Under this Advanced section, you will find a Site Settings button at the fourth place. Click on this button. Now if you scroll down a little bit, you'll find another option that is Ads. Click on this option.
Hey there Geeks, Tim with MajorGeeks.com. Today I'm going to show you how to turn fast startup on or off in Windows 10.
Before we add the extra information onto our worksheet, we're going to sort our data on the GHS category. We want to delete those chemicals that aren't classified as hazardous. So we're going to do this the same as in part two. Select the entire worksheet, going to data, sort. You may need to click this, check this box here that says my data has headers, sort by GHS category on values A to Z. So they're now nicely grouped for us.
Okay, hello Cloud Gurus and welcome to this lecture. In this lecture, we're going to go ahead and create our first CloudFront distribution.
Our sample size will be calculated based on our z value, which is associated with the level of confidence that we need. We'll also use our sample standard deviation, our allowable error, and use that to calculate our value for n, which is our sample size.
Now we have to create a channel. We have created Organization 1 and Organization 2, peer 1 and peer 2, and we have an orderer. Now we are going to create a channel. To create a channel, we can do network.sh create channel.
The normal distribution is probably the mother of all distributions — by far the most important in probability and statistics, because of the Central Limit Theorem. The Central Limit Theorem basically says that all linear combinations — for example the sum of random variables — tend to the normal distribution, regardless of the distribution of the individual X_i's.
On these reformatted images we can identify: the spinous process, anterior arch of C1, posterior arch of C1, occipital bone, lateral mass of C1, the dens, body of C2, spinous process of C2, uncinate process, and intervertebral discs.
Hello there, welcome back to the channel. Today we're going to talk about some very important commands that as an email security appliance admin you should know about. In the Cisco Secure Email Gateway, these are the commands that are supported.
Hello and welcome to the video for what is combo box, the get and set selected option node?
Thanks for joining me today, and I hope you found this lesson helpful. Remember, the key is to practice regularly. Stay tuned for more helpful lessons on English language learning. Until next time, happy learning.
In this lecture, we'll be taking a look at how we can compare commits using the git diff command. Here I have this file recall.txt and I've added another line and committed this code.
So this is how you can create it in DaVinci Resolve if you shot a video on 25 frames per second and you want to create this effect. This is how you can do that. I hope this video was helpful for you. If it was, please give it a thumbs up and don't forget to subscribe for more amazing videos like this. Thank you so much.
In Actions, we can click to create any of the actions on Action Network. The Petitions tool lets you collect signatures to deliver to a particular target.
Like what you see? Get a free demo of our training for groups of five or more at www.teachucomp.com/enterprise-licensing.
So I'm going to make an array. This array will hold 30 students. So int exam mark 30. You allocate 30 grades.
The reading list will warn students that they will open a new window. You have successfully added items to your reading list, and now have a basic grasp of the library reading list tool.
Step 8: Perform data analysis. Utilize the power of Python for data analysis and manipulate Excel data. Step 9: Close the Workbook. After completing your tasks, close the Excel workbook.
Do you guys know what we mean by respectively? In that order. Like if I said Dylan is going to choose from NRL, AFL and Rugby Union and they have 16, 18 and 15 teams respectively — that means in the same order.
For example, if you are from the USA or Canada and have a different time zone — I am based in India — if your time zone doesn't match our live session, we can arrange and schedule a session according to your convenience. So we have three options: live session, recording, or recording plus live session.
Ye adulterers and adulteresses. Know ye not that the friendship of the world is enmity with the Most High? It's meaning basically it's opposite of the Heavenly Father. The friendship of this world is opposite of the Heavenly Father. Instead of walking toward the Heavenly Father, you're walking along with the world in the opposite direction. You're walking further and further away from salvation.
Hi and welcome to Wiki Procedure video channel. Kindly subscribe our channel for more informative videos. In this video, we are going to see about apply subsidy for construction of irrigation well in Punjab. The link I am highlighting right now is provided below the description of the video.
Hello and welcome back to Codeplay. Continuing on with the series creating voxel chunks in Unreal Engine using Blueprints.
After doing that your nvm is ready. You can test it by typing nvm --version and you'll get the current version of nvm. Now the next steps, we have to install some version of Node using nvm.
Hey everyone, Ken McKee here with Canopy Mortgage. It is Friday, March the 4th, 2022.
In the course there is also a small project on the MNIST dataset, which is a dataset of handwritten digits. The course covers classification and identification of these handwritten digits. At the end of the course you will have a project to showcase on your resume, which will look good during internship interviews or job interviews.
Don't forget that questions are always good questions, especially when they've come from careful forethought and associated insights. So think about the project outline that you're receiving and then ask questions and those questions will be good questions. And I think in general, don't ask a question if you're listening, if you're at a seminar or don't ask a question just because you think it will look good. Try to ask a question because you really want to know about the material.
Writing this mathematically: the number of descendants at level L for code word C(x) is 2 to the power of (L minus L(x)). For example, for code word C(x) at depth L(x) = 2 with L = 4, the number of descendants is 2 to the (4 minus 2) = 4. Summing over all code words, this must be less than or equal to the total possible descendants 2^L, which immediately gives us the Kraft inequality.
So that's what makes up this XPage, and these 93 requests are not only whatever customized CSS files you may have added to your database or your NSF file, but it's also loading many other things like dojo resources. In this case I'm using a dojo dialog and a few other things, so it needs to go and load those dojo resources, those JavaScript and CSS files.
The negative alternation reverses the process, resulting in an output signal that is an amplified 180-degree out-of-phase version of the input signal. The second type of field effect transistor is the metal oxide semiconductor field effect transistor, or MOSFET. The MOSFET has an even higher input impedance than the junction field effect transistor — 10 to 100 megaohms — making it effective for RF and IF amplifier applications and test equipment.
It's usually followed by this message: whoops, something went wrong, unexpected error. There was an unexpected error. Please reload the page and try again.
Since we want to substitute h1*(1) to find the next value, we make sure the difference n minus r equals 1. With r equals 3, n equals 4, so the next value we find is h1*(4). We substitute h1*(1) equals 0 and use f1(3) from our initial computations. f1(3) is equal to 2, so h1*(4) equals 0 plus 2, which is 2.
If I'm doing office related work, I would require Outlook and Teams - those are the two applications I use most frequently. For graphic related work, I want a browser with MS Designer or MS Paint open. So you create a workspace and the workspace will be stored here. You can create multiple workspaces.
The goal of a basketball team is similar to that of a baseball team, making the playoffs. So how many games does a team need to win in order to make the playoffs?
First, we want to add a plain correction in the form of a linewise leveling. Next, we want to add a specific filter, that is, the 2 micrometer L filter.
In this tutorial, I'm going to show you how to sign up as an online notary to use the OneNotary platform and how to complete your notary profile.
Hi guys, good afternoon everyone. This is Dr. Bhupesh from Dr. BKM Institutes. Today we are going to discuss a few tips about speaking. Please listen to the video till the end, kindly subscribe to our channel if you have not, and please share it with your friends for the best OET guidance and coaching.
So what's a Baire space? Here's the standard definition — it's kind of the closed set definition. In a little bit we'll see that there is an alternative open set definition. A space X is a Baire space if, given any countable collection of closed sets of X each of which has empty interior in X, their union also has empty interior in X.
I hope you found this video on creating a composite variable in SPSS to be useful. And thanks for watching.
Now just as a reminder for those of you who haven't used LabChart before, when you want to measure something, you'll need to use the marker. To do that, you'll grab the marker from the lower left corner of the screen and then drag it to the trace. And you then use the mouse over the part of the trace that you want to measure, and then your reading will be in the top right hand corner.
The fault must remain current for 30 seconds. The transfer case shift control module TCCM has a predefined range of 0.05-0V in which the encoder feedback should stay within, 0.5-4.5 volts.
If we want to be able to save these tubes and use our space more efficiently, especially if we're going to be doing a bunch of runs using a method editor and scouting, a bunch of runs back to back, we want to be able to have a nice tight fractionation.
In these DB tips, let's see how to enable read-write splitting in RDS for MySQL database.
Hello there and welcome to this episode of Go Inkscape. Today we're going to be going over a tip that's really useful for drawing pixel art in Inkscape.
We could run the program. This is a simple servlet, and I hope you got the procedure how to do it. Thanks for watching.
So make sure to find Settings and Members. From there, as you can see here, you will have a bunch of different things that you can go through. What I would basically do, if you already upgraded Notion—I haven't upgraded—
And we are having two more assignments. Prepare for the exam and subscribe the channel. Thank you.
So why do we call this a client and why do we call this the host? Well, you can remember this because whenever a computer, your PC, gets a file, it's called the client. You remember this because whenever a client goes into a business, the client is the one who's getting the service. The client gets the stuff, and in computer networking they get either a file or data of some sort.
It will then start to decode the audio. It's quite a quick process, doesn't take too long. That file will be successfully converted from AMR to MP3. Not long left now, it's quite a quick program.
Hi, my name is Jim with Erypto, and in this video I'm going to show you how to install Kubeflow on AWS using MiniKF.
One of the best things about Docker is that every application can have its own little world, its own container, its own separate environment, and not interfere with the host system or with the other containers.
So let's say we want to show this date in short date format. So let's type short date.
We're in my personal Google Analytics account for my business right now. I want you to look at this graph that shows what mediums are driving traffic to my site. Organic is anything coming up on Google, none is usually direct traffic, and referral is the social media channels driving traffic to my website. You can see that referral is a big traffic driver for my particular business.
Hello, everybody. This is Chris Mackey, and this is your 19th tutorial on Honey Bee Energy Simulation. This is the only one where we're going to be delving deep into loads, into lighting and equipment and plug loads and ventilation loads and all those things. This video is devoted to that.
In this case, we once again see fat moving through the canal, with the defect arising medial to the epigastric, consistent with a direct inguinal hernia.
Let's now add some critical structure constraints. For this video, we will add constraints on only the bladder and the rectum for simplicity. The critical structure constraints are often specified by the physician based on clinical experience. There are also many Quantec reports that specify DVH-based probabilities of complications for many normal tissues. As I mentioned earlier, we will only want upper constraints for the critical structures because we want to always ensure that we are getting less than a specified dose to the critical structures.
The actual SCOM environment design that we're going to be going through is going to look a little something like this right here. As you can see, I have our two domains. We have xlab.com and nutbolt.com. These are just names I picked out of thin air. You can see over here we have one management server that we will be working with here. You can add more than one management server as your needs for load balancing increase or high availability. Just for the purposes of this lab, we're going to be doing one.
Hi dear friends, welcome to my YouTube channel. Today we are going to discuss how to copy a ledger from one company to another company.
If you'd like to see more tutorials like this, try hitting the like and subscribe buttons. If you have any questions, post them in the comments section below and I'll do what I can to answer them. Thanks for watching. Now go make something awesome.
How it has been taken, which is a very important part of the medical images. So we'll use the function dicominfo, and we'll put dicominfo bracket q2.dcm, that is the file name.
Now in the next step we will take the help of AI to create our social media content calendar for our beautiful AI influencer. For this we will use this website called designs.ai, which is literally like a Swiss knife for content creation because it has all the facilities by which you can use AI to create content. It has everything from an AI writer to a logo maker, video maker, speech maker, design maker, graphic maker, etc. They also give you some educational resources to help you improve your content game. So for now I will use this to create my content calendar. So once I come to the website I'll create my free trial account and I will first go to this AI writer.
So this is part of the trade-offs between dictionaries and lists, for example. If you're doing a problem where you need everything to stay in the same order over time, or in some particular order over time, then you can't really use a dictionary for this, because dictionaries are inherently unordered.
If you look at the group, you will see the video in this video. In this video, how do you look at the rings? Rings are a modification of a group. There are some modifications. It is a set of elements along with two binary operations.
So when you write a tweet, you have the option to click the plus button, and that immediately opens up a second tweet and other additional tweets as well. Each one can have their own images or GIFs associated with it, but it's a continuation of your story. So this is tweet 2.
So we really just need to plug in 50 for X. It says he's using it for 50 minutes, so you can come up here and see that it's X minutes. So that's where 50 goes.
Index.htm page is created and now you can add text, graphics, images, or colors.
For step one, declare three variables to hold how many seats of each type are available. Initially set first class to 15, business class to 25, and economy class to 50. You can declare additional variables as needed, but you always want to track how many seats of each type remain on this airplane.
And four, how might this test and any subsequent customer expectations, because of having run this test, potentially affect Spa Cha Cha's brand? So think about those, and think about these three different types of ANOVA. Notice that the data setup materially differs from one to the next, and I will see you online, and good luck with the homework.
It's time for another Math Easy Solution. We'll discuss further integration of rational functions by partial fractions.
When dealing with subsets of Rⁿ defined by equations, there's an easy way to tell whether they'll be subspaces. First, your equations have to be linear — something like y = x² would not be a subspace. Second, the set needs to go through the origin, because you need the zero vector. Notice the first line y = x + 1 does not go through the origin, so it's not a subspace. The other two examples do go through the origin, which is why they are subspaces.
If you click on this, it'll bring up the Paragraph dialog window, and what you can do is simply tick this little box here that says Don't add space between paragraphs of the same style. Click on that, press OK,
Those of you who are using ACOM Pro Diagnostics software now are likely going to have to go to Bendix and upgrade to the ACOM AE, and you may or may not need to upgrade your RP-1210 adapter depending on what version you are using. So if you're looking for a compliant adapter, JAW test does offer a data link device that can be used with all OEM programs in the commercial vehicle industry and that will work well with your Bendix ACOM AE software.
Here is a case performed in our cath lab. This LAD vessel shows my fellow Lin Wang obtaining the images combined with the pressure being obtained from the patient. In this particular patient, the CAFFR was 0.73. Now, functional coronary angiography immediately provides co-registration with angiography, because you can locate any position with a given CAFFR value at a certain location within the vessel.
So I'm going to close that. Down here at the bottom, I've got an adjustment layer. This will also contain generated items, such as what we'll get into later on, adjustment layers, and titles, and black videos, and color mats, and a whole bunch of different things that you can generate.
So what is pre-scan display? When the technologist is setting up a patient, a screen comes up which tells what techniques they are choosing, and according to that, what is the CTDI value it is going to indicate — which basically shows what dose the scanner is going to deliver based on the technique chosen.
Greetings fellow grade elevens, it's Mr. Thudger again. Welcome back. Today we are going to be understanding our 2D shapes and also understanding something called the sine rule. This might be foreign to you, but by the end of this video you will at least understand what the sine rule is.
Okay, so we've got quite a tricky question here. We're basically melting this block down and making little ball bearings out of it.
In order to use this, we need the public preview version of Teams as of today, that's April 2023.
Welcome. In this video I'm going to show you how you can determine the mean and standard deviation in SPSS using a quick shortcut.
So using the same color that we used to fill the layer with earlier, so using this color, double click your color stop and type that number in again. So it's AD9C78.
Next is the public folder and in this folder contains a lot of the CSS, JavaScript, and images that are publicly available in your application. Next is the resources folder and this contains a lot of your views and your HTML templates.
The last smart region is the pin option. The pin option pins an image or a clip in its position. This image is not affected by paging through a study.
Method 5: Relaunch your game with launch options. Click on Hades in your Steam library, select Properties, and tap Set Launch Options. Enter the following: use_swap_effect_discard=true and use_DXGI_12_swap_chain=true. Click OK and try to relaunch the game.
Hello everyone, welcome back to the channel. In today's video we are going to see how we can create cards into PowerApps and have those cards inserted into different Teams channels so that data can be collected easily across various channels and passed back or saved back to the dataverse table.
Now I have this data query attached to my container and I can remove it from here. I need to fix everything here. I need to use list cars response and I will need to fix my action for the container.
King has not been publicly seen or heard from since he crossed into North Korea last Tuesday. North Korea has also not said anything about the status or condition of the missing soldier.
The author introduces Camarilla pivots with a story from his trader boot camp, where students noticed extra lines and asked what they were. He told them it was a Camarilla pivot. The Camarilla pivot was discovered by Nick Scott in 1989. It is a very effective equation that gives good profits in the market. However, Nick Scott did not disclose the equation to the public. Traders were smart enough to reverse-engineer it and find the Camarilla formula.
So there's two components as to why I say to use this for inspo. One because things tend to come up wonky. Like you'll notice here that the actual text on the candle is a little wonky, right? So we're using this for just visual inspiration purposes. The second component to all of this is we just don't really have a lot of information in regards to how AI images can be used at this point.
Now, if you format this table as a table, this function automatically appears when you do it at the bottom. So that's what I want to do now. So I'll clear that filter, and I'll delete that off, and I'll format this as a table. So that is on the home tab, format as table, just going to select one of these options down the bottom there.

____________________

TASK STATEMENT:
What is wanted is every line from the first line of the entries through the line that contains "Hey there Geeks, Tim", given again exactly.

ANSWER SECTION:
Under this Advanced section, you will find a Site Settings button at the fourth place. Click on this button. Now if you scroll down a little bit, you'll find another option that is Ads. Click on this option.
Hey there Geeks, Tim with MajorGeeks.com. Today I'm going to show you how to turn fast startup on or off in Windows 10.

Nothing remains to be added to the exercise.